*Exercise data:*
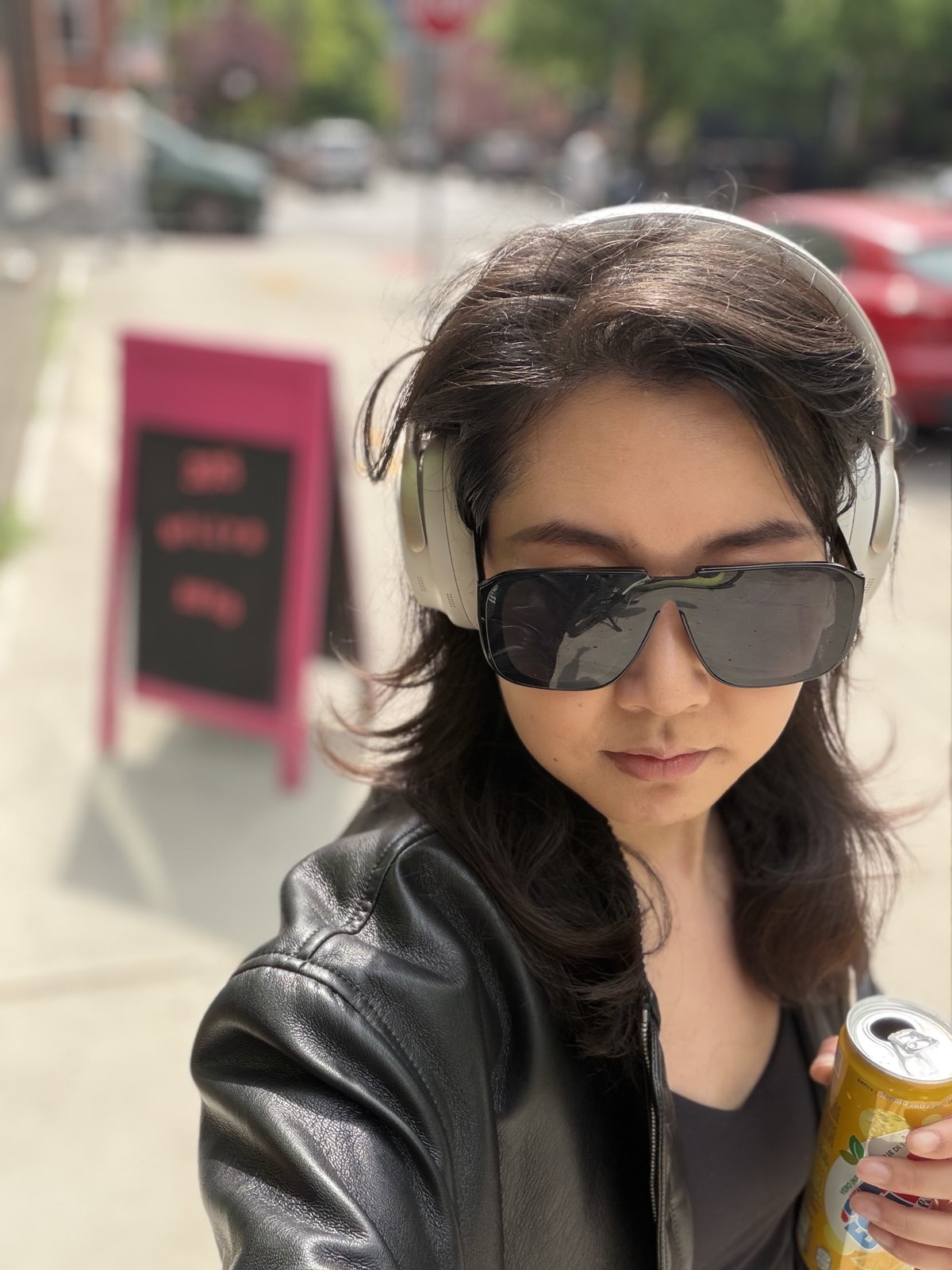Francis Wang wearing headphones and sunglasses outdoors
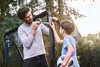 A father and son are repairing a soccer goal in a backyard. Produktbild-Vorschau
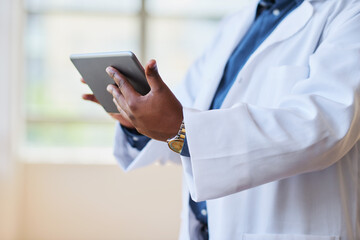 Healthcare Professional Using Tablet in Modern Hospital Setting for Patient Management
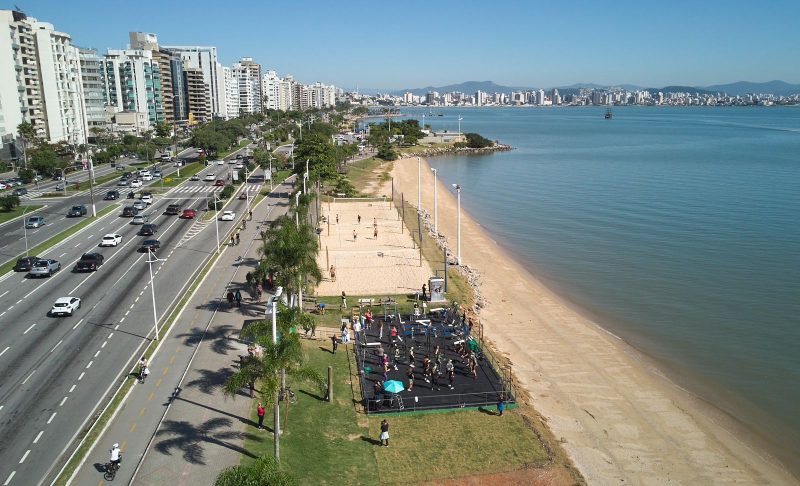 Foto da Beira-Mar Norte, em Florianópolis, de uma perspectiva de cima. No canto direito, aparece o mar, uma pequena faixa de areia e uma área gramada. Ao centro, uma via movimentada com carros. Do lado esquerdo, prédios altos.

*Exercise brief:*
Hand back the data above exactly, with no images.

*Exercise result:*
Francis Wang wearing headphones and sunglasses outdoors
 A father and son are repairing a soccer goal in a backyard. Produktbild-Vorschau
 Healthcare Professional Using Tablet in Modern Hospital Setting for Patient Management
 Foto da Beira-Mar Norte, em Florianópolis, de uma perspectiva de cima. No canto direito, aparece o mar, uma pequena faixa de areia e uma área gramada. Ao centro, uma via movimentada com carros. Do lado esquerdo, prédios altos.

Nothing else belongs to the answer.